About this task »
Copy the full listing exactly.

Material provided »
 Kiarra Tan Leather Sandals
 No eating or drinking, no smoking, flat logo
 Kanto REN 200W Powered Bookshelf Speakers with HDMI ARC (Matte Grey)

Answer for this exercise »
 Kiarra Tan Leather Sandals
 No eating or drinking, no smoking, flat logo
 Kanto REN 200W Powered Bookshelf Speakers with HDMI ARC (Matte Grey)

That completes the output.